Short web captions
════════════════
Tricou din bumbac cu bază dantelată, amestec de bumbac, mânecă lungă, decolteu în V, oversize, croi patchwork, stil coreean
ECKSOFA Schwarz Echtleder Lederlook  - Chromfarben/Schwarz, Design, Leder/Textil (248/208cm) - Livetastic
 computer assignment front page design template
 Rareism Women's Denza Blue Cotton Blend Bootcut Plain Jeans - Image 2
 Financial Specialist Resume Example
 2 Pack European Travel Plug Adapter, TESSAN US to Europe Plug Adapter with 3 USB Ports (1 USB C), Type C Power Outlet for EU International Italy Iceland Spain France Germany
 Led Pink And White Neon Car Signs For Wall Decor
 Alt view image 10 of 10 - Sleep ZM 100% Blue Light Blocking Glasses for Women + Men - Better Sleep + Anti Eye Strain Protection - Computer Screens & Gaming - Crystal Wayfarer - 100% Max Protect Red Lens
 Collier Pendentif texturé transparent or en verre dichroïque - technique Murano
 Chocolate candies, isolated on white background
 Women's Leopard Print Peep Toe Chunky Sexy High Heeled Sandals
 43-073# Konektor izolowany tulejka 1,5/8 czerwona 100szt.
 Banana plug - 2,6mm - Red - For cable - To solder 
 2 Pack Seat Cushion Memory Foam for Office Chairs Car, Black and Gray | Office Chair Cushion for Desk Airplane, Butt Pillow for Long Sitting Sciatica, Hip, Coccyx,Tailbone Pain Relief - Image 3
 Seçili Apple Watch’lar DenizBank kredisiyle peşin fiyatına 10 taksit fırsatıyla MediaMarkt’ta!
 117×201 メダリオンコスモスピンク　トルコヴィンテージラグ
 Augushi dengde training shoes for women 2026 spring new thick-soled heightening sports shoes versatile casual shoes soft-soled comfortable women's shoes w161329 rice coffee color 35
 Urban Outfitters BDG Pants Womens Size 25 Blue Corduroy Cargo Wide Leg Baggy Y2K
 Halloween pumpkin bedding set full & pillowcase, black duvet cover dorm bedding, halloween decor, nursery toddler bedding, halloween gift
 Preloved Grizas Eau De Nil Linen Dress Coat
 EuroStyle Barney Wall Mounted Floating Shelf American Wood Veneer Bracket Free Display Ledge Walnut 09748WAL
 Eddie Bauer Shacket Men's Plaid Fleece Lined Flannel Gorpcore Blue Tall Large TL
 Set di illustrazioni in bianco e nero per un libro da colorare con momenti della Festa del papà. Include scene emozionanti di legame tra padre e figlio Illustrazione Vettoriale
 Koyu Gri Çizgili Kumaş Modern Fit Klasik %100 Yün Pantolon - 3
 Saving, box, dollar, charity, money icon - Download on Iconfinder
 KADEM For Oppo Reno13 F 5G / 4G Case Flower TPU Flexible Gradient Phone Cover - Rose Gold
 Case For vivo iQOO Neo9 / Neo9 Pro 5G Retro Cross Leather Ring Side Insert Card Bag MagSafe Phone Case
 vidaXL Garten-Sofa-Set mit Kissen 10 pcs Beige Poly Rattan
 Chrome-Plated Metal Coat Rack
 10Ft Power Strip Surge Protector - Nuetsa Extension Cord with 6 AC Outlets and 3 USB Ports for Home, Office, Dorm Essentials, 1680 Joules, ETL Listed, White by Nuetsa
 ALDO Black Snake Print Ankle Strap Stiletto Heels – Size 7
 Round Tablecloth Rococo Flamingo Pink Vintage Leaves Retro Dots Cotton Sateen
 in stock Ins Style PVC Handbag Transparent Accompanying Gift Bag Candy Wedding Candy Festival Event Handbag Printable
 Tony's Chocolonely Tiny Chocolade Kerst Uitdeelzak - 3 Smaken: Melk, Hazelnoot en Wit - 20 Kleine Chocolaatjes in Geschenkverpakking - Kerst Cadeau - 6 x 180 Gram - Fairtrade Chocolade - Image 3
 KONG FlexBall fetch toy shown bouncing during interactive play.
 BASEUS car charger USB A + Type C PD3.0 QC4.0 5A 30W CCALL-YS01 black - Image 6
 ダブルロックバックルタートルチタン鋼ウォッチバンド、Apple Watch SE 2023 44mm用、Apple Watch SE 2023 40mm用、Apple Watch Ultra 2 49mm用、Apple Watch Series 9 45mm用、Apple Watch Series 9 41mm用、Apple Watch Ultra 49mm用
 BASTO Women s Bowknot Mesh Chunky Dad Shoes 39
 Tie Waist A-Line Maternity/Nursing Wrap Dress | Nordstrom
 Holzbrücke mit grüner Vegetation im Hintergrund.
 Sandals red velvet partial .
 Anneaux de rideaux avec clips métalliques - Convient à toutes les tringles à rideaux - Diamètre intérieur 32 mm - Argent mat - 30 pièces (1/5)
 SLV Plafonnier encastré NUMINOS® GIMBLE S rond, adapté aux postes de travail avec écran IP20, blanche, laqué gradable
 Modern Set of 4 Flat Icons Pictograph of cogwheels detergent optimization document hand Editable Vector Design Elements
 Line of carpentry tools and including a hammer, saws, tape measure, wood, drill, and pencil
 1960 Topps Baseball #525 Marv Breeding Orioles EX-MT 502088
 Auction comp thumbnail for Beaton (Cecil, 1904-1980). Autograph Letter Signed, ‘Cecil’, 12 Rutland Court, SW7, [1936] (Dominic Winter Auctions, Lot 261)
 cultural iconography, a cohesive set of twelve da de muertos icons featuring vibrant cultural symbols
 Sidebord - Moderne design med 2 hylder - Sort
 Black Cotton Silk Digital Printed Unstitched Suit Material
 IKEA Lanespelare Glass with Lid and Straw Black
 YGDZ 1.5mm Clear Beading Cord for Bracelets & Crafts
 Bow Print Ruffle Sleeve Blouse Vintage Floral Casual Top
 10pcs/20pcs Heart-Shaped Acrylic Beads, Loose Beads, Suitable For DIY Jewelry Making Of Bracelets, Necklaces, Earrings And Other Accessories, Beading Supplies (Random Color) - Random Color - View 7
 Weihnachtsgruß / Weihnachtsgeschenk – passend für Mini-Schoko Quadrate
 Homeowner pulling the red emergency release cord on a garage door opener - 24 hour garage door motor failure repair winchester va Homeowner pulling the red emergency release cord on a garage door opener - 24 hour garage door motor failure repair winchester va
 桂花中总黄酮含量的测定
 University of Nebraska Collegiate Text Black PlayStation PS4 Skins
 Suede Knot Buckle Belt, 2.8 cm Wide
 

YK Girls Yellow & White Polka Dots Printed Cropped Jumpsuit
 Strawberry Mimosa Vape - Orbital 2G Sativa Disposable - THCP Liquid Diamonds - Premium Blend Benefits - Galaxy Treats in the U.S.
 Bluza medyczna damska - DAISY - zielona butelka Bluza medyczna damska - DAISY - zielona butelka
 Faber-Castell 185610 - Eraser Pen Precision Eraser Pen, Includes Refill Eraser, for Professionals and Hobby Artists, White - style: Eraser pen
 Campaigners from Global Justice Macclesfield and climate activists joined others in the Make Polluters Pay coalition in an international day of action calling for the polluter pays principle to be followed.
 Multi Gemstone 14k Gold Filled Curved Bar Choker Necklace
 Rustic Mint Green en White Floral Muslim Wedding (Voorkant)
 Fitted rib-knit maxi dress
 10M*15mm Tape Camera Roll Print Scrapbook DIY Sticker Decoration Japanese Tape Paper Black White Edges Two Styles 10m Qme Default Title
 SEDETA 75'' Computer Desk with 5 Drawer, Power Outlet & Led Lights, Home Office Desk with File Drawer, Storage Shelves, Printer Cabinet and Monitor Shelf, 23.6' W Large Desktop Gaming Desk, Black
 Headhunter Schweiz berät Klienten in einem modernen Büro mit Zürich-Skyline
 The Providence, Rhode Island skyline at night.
════════════════
• _Exercise instructions_
Please output exactly the lines between the one holding "Case For vivo" and the one holding "Chrome-Plated Metal Coat Rack" in the records above, inclusive, and nothing more.

• _Your response_
 Case For vivo iQOO Neo9 / Neo9 Pro 5G Retro Cross Leather Ring Side Insert Card Bag MagSafe Phone Case
 vidaXL Garten-Sofa-Set mit Kissen 10 pcs Beige Poly Rattan
 Chrome-Plated Metal Coat Rack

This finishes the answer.